Título: Cientistas políticos alertam: sociedade exige apuração séria
Autor: Israel Tabak
Fonte: Jornal do Brasil, 19/06/2005, País, p. A4

O governo ainda não acordou para a gravidade da crise que enfrenta. Insiste na antiquada estratégia de tentar esconder a sujeira embaixo do tapete, sem desconfiar que a sociedade vive um novo momento, mais consciente, e exige a apuração total e a punição dos eventuais envolvidos nos episódios dos Correios e do mensalão. Esta é a avaliação de Eurico Figueiredo, coordenador do programa de pós-graduação em ciência política da Universidade Federal Fluminense (UFF).

- A sociedade ferve de indignação com essas denúncias e o governo às vezes age como se não fosse com ele. É uma atitude esquizofrênica.

A questão da governabilidade é vista pelo cientista político sob um prisma diferente. Argumenta que se o governo mudar sua atitude, for de fato rigoroso e exibir vontade para punir os aliados eventualmente envolvidos em irregularidades, ganhará respaldo da opinião pública.

- Esta seria a chave da governabilidade. Agir com rigor e seriedade e assim conquistar apoio de fora para dentro, impondo aos partidos aliados o mesmo processo de depuração. Todos os partidos têm homens limpos e dignos, que merecem espaço.

O cientista político Marcus Figueirdo, do Instituto Universitário de Pesquisas do Rio de Janeiro (Iuperj) concorda que é prejudicial ao governo tentar manobrar politicamente a CPI dos Correios. Ao mesmo tempo, é importante continuar fortalecendo a ação da Polícia Federal.
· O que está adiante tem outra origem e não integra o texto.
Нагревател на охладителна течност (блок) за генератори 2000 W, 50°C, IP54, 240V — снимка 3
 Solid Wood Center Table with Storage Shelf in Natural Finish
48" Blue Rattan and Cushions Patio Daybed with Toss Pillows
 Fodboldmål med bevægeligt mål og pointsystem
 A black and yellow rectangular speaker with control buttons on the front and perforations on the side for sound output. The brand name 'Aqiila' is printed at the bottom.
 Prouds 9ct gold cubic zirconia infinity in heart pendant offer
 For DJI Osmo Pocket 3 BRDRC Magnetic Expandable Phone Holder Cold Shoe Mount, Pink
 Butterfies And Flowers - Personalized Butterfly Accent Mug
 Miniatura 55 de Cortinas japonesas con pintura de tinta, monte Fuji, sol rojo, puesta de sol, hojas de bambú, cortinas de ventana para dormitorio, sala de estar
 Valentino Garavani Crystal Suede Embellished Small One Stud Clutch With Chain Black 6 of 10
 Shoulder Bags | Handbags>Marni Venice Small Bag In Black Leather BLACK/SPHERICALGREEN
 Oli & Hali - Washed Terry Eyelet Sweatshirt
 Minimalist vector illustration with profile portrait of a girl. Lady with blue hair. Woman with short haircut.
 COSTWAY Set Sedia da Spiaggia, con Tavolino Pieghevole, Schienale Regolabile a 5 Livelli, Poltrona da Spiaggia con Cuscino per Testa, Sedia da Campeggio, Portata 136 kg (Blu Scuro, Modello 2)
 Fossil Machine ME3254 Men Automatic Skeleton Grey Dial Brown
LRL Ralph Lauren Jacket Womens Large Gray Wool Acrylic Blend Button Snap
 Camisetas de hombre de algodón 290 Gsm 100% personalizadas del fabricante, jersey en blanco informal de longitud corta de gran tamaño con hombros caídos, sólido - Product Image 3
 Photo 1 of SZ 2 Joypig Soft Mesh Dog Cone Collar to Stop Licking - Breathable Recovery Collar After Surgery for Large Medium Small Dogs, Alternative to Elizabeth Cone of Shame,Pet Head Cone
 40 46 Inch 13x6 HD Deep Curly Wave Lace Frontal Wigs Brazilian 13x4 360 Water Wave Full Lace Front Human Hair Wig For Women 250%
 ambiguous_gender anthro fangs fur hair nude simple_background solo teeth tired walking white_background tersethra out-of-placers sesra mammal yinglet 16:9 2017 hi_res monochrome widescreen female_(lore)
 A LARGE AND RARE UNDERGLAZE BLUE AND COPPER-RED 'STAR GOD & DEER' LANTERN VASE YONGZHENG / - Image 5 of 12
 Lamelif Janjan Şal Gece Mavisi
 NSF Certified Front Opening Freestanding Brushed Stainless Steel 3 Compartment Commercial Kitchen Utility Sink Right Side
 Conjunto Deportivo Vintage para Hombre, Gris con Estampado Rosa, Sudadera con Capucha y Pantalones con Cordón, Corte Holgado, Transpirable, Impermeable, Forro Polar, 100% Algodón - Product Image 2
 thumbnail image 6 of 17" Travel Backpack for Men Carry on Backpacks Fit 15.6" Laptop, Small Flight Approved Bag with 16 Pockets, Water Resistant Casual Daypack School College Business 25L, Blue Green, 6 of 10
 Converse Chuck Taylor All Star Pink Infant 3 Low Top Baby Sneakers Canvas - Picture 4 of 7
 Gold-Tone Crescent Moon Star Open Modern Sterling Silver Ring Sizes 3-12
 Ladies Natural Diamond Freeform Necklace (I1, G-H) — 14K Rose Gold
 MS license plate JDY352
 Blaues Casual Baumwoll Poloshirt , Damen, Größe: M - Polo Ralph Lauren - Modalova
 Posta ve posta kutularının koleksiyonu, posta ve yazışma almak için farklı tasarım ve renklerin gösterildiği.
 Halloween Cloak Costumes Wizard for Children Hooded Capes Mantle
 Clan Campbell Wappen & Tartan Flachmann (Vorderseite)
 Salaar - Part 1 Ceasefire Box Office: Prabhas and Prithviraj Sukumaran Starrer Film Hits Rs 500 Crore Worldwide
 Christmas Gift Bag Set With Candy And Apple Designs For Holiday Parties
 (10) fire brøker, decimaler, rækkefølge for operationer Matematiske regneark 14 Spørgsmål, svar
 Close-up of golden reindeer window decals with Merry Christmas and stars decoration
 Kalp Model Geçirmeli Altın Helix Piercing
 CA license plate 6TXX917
Eurico Figueiredo, da UFF, adverte que o presidente Luiz Inácio Lula da Silva, além de chefe de governo, tem que assumir cada vez mais a posição de chefe de estado. Não pode permitir, por exemplo, que o Executivo e o Legislativo sejam tema de ''chacota popular''.

- Isto sim seria um foco perigosíssimo de instabilidade política. Aparentemente, em razão dos bons índices que continua ostentando nas pesquisas, o presidente considera que as críticas ainda não o atingem. A avaliação está errada. Este escândalo ainda vai durar pelo menos três meses e deve provocar um grande desgaste para o Planalto.

Na opinião de Figueiredo, existem ''perguntas graves'' que estão sem resposta:

- Se o presidente foi de fato informado sobre o mensalão porque não mandou apurar e punir? Porque os ministros avisados não tomaram nenhuma atitude?

A volta de José Dirceu à atividade parlamentar pode ser uma faca de dois gumes, de acordo com o professor da UFF:

- Onde há fumaça, há fogo. Creio que não será fácil ao ex-ministro convencer a sociedade de que não tem nada a ver com os fatos denunciados. Com isso, o descrédito que hoje está sofrendo pode ser transmitido para o PT. Até o seu próprio processo de defesa deverá provocar um desgaste. Por isso, foi errada a estratégia de transformá-lo em combatente do governo no Congresso. Ele deveria ficar de quarentena, talvez em algum posto no exterior.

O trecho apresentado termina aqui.